HOMILÍA – Misa conmemorando – XXV Aniversario de la muerte del P. Eduardo Laforet Dorda. 21-noviembre-2009
P. Emiliano Manso Aláez
“La Eucaristía es el acto mayor de contemplación que pueda darse”, decía S. Vicente Ferrer. Por lo mismo podemos seguir afirmando y proclamando que la Eucaristía es el acto mayor de adoración y acción de gracias que pueda darse.
La Eucaristía es la presencialización sacramental del acto supremo de ofrenda y amor de Jesucristo al Padre; la ofrenda perfecta expiatoria por los pecados de la humanidad, hecha de una vez para siempre.
La Eucaristía no está al servicio de otras finalidades, sino que todo está al servicio de ella, en relación y referencia a ella. No está para solemnizar actos, encuentros, eventos; más bien es al revés: todo está supeditado y referido a la Eucaristía, que es la fuente de donde dimana la vida de la Iglesia y el fin hacia lo que todo tiende, como recordó el Concilio Vaticano II. Como decía Sto. Tomás de Aquino: “La Eucaristía es como la conformación de la vida espiritual y el fin de todos los sacramentos.”
Es decir, que todos los actos que constituyen y expresan nuestra vida espiritual se enfocan y refieren a la Eucaristía. Todos los sacramentos que configuran nuestro ser cristiano y nuestra vida de fe tienden a la Eucaristía. Toda la actividad apostólica, pastoral de la Iglesia tiende, como una flecha, a la diana de la Eucaristía.

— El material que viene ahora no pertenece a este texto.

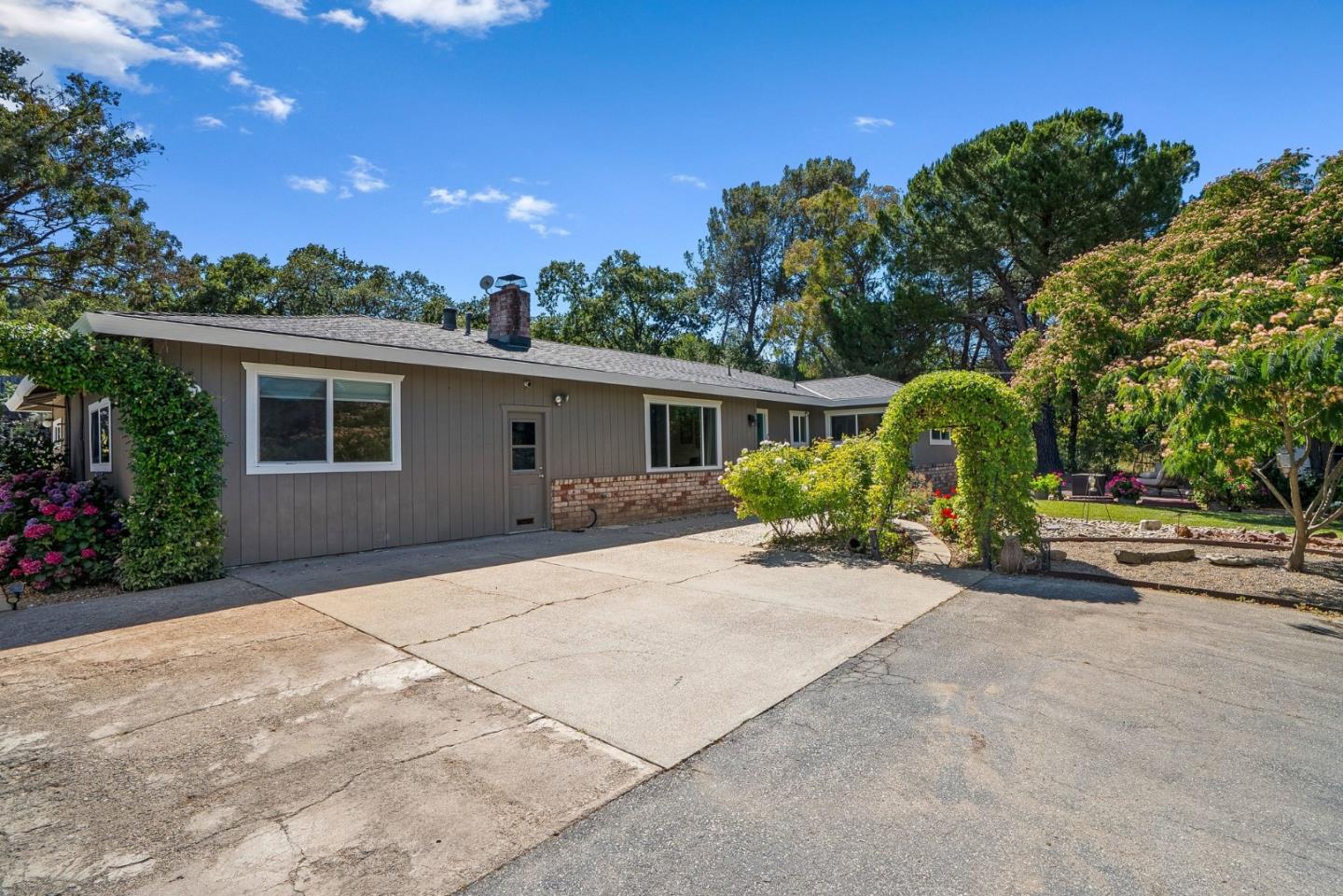 9465 Watsonville Road Gilroy, CA 95020 - Photo 60 of 78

Así nosotros, en esta tarde, reconocemos que el Acto organizado para recordar el 25 Aniversario de la Muerte del P. Eduardo Laforet Dorda, culmina en la Eucaristía. La Eucaristía no está al servicio de este Acto, para darle mayor relieve, sino al contrario; este Acto sirve y honra a la Eucaristía, culmina en ella; este Acto, esta conmemoración está al servicio de la Eucaristía, donde todo encuentra la plenitud de sentido.
La vida y la muerte de Eduardo, la ofrenda de su vida por la vida del Papa, su consagración en la Cruzada y su Sacerdocio: todo tiene su culminación en la Eucaristía.
La Eucaristía es el memorial del sacrificio sacerdotal redentor de Jesucristo. Es el banquete del Cuerpo sacrificado de Cristo y de su Sangre derramada como expiación de los pecados de la humanidad.
La Eucaristía es el lugar de la ofrenda, donde nuestras pequeñas o grandes ofrendas deben quedar incorporadas, asumidas. Será una gota en el océano, pero esa gota adquiere así pleno sentido en el océano.
La Iglesia exhorta, de modo constante, a todos los fieles a asistir y participar activamente en la Eucaristía, para ofrecerse juntamente con Jesucristo, hostia pura, hostia santa, hostia inmaculada.
Todos “invitados y conducidos a ofrecerse a sí mismos, sus trabajos y todas sus cosas, en unión con Jesús mismo”. (Cf. PO 5)
“Los sacerdotes enseñen a fondo a los fieles a ofrecer a Dios Padre la Víctima divina en el Sacrificio de la Misa y a hacer, juntamente con ella, oblación de su propia vida.” (Cf. PO 5)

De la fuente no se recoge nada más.